Fannie, Review

The Commercial Appeal: “Where Have You Gone, Fannie Hurst?”

October 10, 1999

The Commercial Appeal

“Where Have You Gone, Fannie Hurst?”

October 10, 1999

By Perre Magness, Special to the Commercial Appeal

During the 1920s and 1930s, Fannie Hurst was the highest-paid writer for popular magazines in America. Her name on the cover was sure to sell out an issue. She wrote 26 books, and many movies were made from her work, including Back Street and Imitation of Life, two of the greatest three-handkerchief movies ever made. Yet she has disappeared from not only the literary scene but from popular consciousness. If anyone thinks of her at all, it is with the vague designation “sob sister.” Brooke Kroeger tries to bring Hurst alive in her exhaustive biography, but somehow she misses.

Fannie Hurst was born in St. Louis in 1885, the homely daughter of stolid, unimaginative Jewish parents. Hers was a comfortable life, and she could hardly wait to leave it. Her first short story was published in 1910, and she persuaded her reluctant parents that she had to move to New York. Success came quickly; her stories about the sordid lives of working girls and the trials of immigrants were popular, and soon she was commanding high prices from the magazines that graced every middle-class home’s coffee table. She was singled out in a 1915 article in Vanity Fair as one of the “New York Women Who Earn $50,000 a Year.”

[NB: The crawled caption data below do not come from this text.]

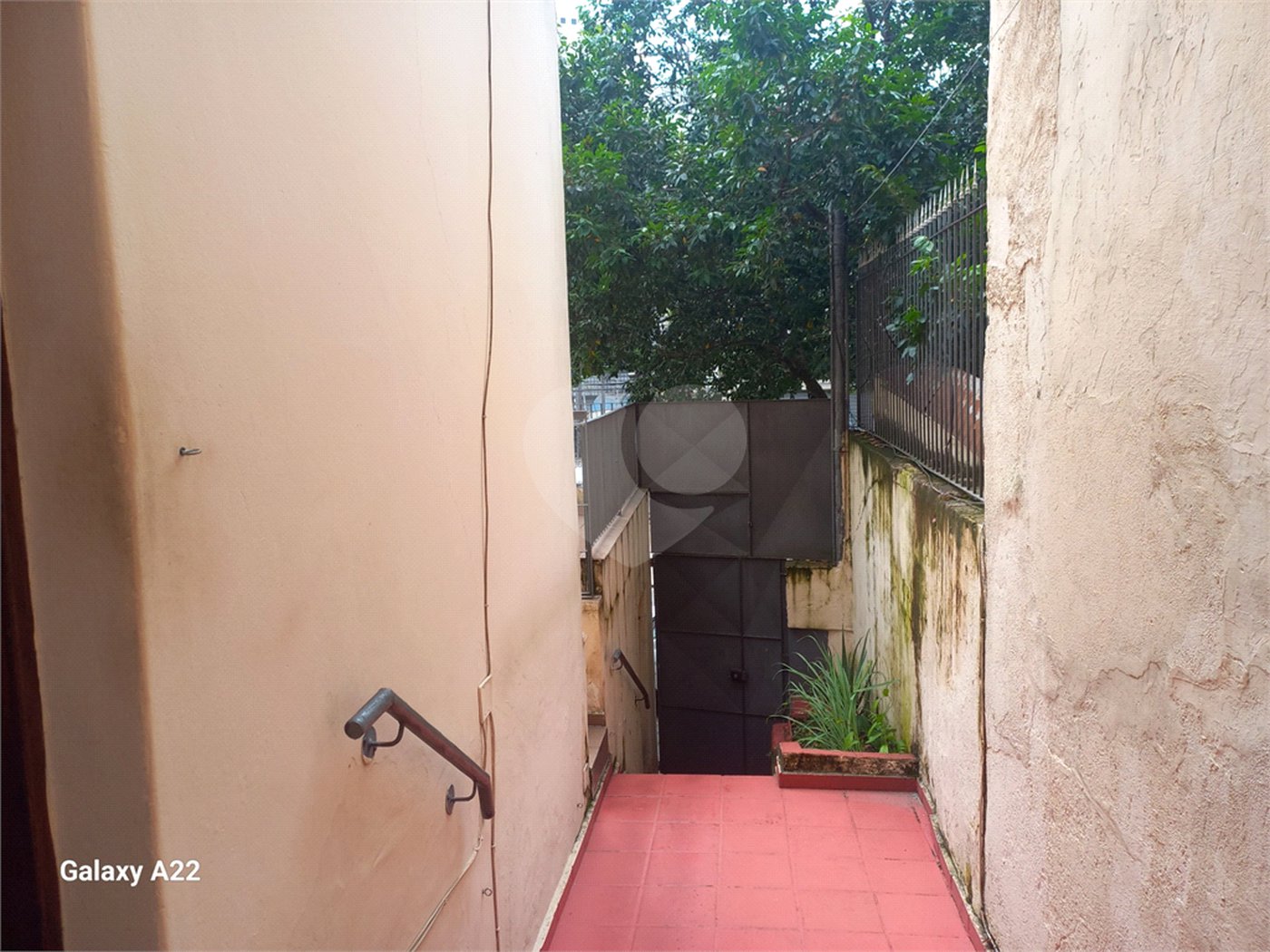 Sobrado à venda com 3 quartos em Lapa, São Paulo, SP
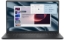 Obrázek DELL NTB Pro 15 Essential PV15250/i7-1355U/16GB/512SSD/15.6" FHD/Intel UHD/65W/WLAN/Backlit Kb/W11H/3Y PS NBD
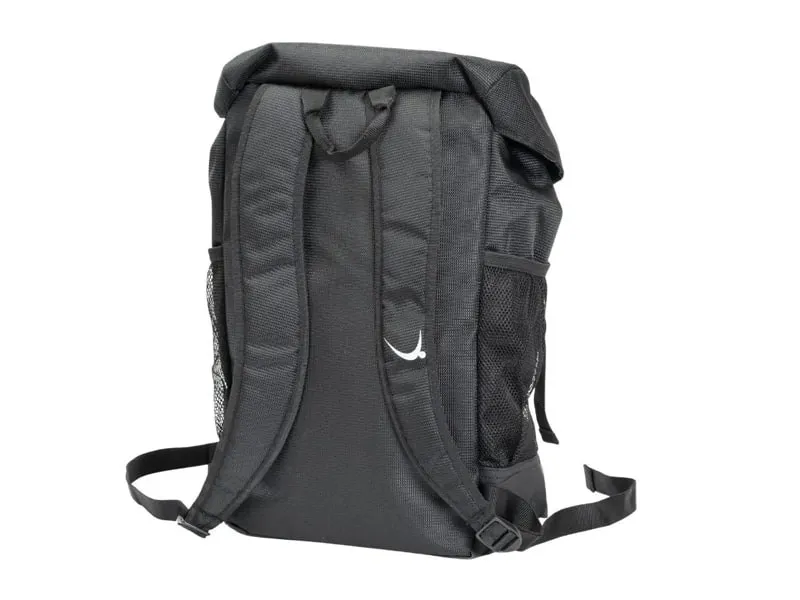 YASAKA Mochila Beku 2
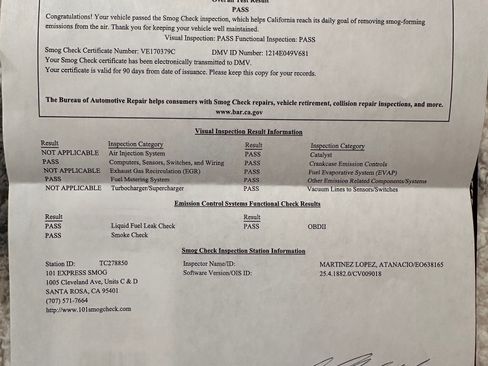 Used 2013 Nissan Altima 2.5 SV image 27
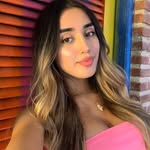 Vernon Ayers - @natashasarah__bpev90z - Instagram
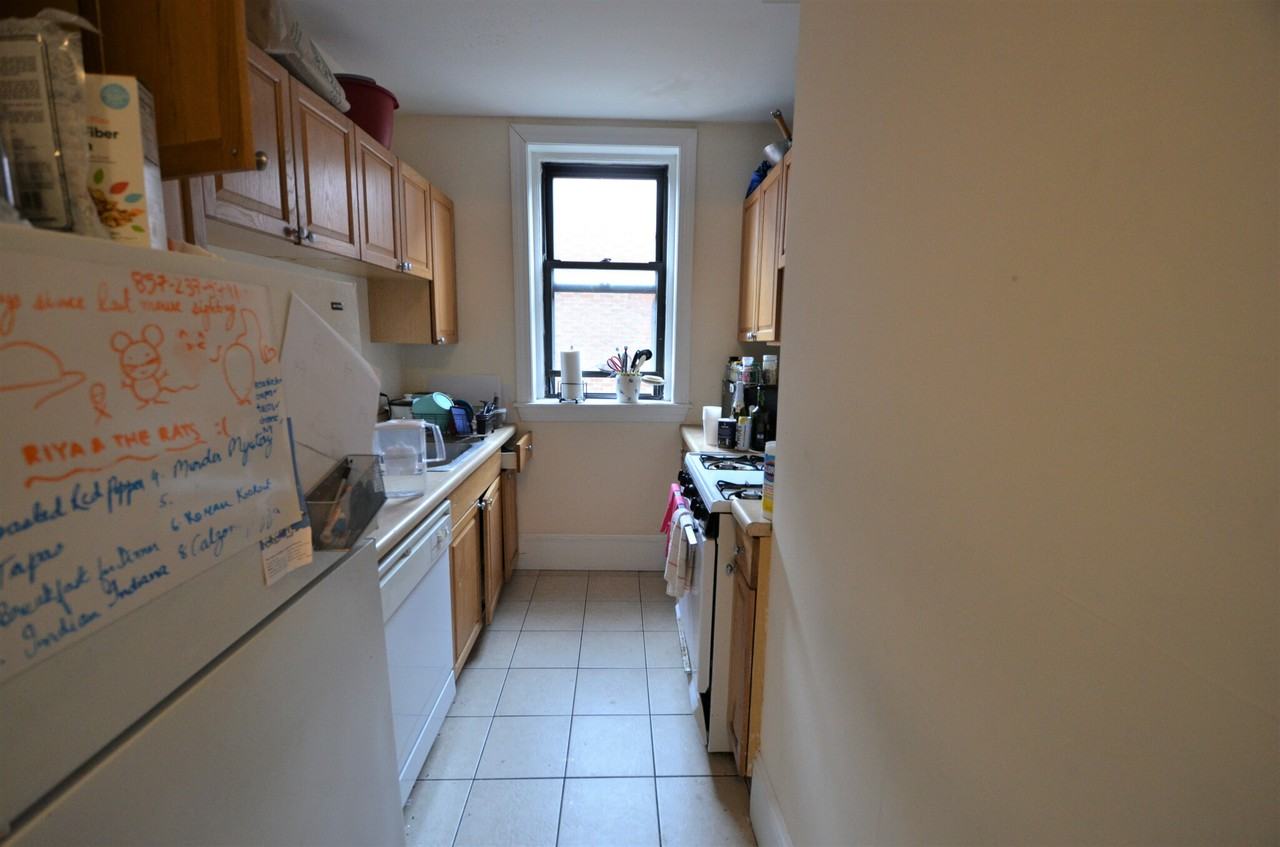 Hemenway St. & Symphony Rd #7 - Photo 2 of 28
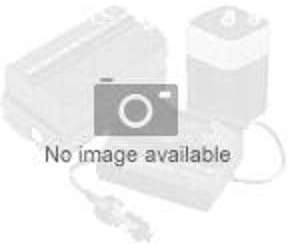 CISCO CP-PWR-8821-CE= 8821 POWER SUPPLY PERPFOR CE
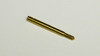 MDX SHORT SHOCK SHAFT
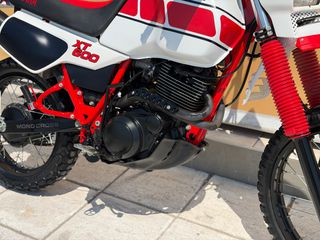 Yamaha XT 600Z Tenere 1983 -MOTOSIDIROPOULOS- XT 600 TENERE 1983 1984-thumb-59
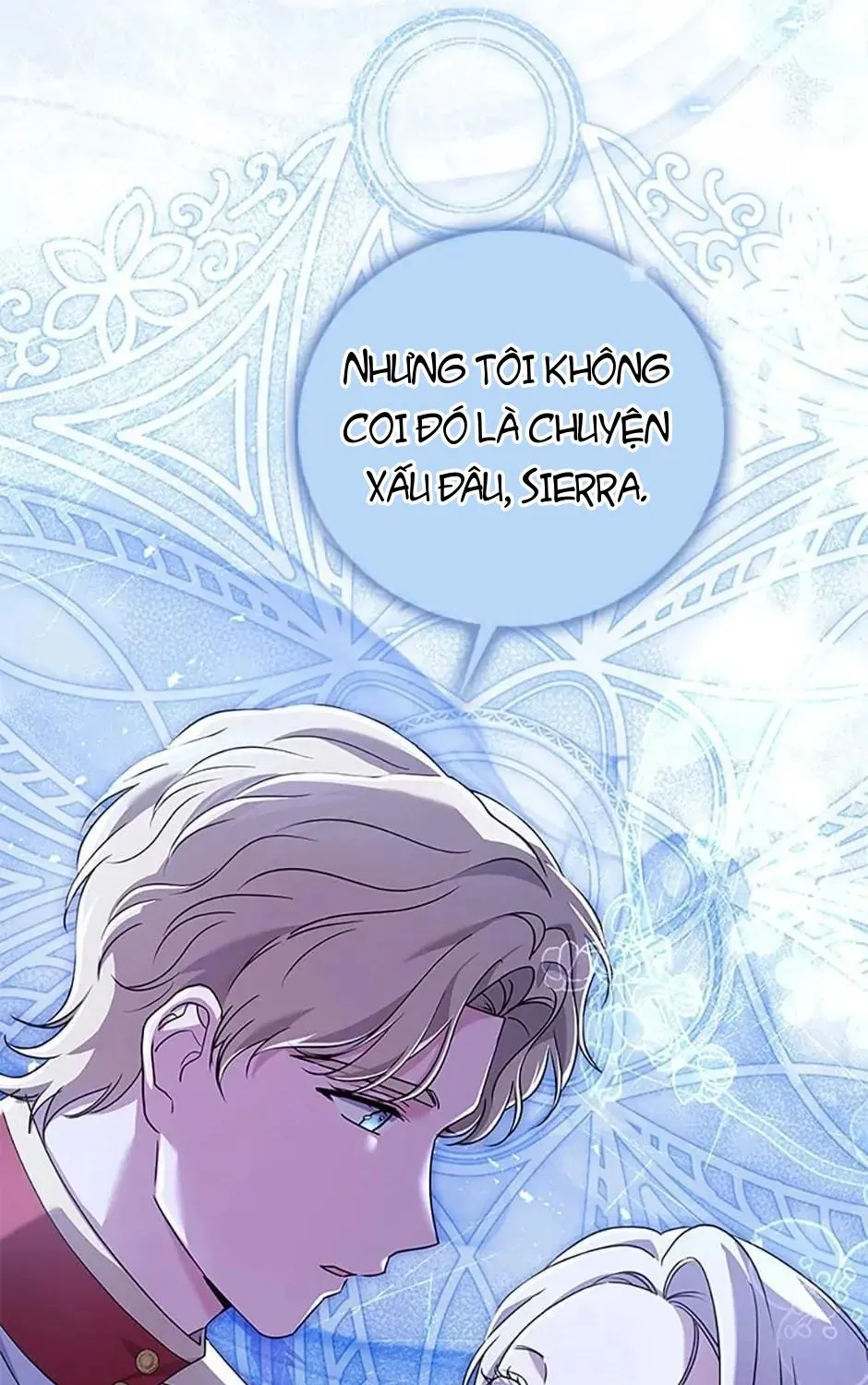 Tôi Đã Đình Công Vì Đã Đến Hạn Chót Chap 58 - Next Chap 59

Hurst loved her celebrity. For the next four decades she knew everyone, and everyone wanted to know her. She married a pianist named Jacques Danielson in 1915, but for the first five years kept the marriage secret. When the news finally broke, the couple described their marriage as a sort of noble experiment. They lived in separate apartments in the same building, they each had their own friends and activities, and the system “kept the bloom on the rose” of romance. Hurst explained, “We are willing to pay the price in mutual sacrifices toward the preservation of one another’s individuality.” It apparently worked; despite an affair with Arctic explorer Vilhjalmur Sefansson which lasted until 1939, she said nothing interfered with her devotion to Jacques.

As Hurst’s fame increased, she lent her name to many worthy causes. She became a friend of Eleanor Roosevelt and through that friendship met even more important people. Kroeger insists that Fannie Hurst was consistently involved in progressive causes and women’s advancement, but she admits that mostly the writer just lent her name rather than doing any substantive work on issues.

More troubling is Hurst’s attitude toward her Jewish heritage. She was unmoved by religious ritual and frequently embarrassed by her co- religionists. Her unwillingness to press the Jewish case as Hitler came to power is at odds with her expressed opinions. Her attitude toward African-Americans is also contradictory. On one hand, she was an early supporter and a real friend of author and folk-tale collector Zora Neale Hurston, but her portraits of black characters are, as Kroeger says, “wince-worthy.”

Despite her fame, Hurst hankered after critical approval. She felt slighted by her alma mater, Washington University, when it took years to acknowledge her with an honorary degree, and she wanted to be taken seriously as a literary, not a popular, writer. When Hurst died in 1968, an editor summed up her reputation as “basically a fairly corny artist . . . Her stature as a storyteller was high; as a writer, low.”

A check of the public library and the Internet shows that while a few of Hurst’s books can be gotten from the stacks, only one is available in a reprint, while videos of the various versions of movies based on her stories are on the shelves. Nothing in this biography makes me want to rush out and search for her work.

Kroeger has written a detailed and thoroughly documented biography. There are 87 pages of notes, a chronological list of her stories and novels and a list of films based on her plots. Despite all this, Fannie Hurst never comes alive. I don’t really know about her feelings toward her parents, the source of her ambition, her real feelings toward her husband and lover, the depth of her commitment to her stated causes. All I know is that she wanted to be famous, and she was.